*** Opening SUPPLIED INFORMATION ***
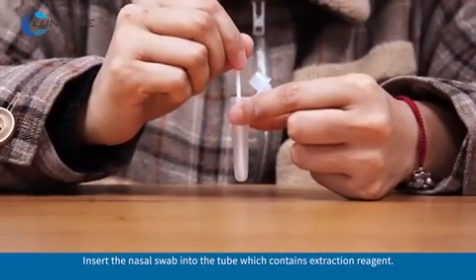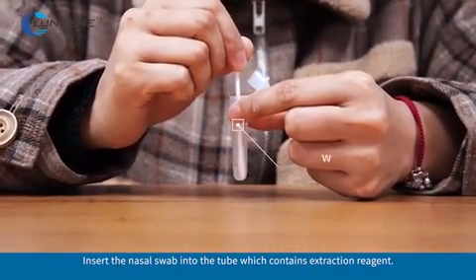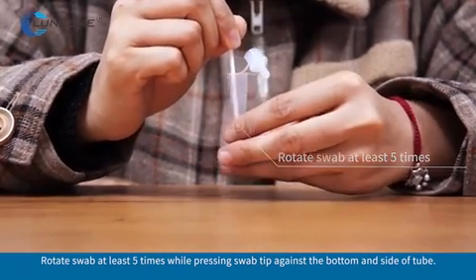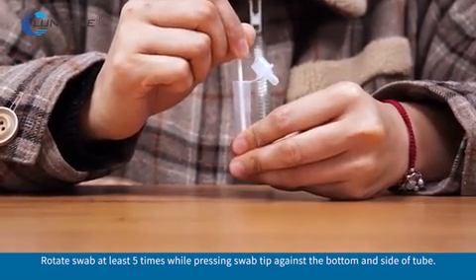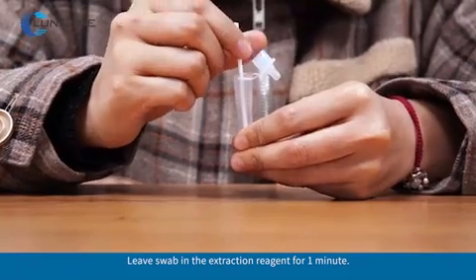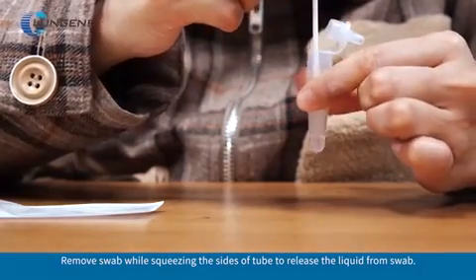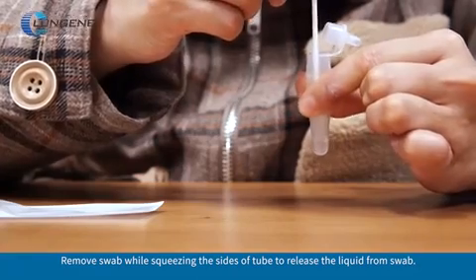Insert the nasal swab into the tube which contains extraction reagent. Rotate the swab at least 5 times while pressing the swab tip against the bottom and side of the tube. Leave the swab in the extraction reagent for 1 minute. Remove the swab while squeezing the sides of the tube to release the liquid from the swab.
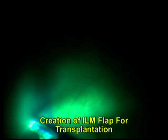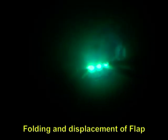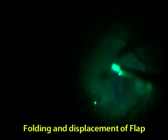Unfortunately the ILM flap detached, so the surgeon opted for Plan B and took out an ILM piece and placed it over the hole with the help of colored viscoelastic. After this, fluid-air exchange was started, and just near completion the surgeon found the ILM flap was displaced from the hole and rolled over.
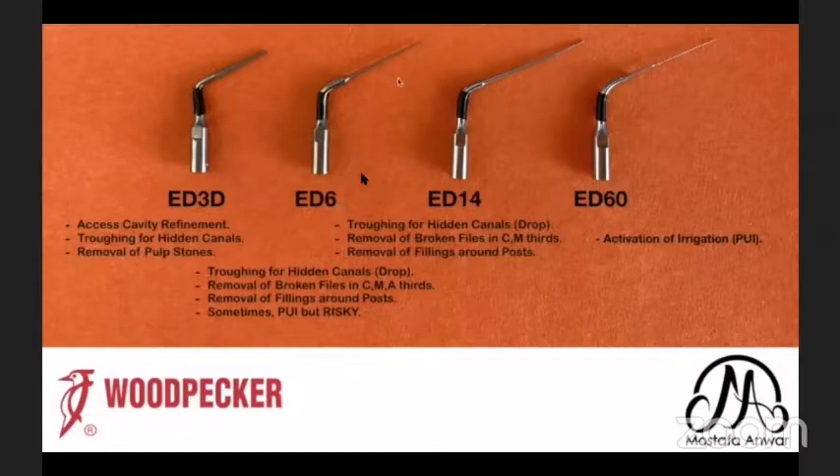The ED6 has an active cutting tip. I can use it for troughing of hidden canals, same as the ED3D, but because it has a pointed sharp tip, you will feel a drop when you find the hidden canal, either MB2 or middle mesial. I can use it for removal of broken files in the coronal, middle, and apical thirds, and for removal of fillings or cement around posts. Sometimes I use it for passive ultrasonic irrigation, but it is too risky.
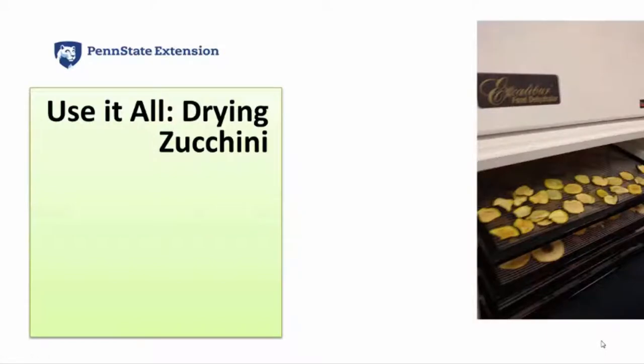In today's economy, many farmers are looking for ways to increase farm revenues beyond just selling directly to the consumer. Some crops like zucchini are very plentiful and it's difficult to sell all that is grown at the farmers market. Unlike fruit, this product is not easily put into a jar and freezer space is often limited. Adding value by drying will allow you to create a consumer-ready product that will have a shelf life of up to six months.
*** Closing SUPPLIED INFORMATION ***
GOAL OF THE EXERCISE:
Would you write out the data exactly, with no pictures in the copy?

TASK RESPONSE:
Insert the nasal swab into the tube which contains extraction reagent. Rotate the swab at least 5 times while pressing the swab tip against the bottom and side of the tube. Leave the swab in the extraction reagent for 1 minute. Remove the swab while squeezing the sides of the tube to release the liquid from the swab.
Unfortunately the ILM flap detached, so the surgeon opted for Plan B and took out an ILM piece and placed it over the hole with the help of colored viscoelastic. After this, fluid-air exchange was started, and just near completion the surgeon found the ILM flap was displaced from the hole and rolled over.
The ED6 has an active cutting tip. I can use it for troughing of hidden canals, same as the ED3D, but because it has a pointed sharp tip, you will feel a drop when you find the hidden canal, either MB2 or middle mesial. I can use it for removal of broken files in the coronal, middle, and apical thirds, and for removal of fillings or cement around posts. Sometimes I use it for passive ultrasonic irrigation, but it is too risky.
In today's economy, many farmers are looking for ways to increase farm revenues beyond just selling directly to the consumer. Some crops like zucchini are very plentiful and it's difficult to sell all that is grown at the farmers market. Unlike fruit, this product is not easily put into a jar and freezer space is often limited. Adding value by drying will allow you to create a consumer-ready product that will have a shelf life of up to six months.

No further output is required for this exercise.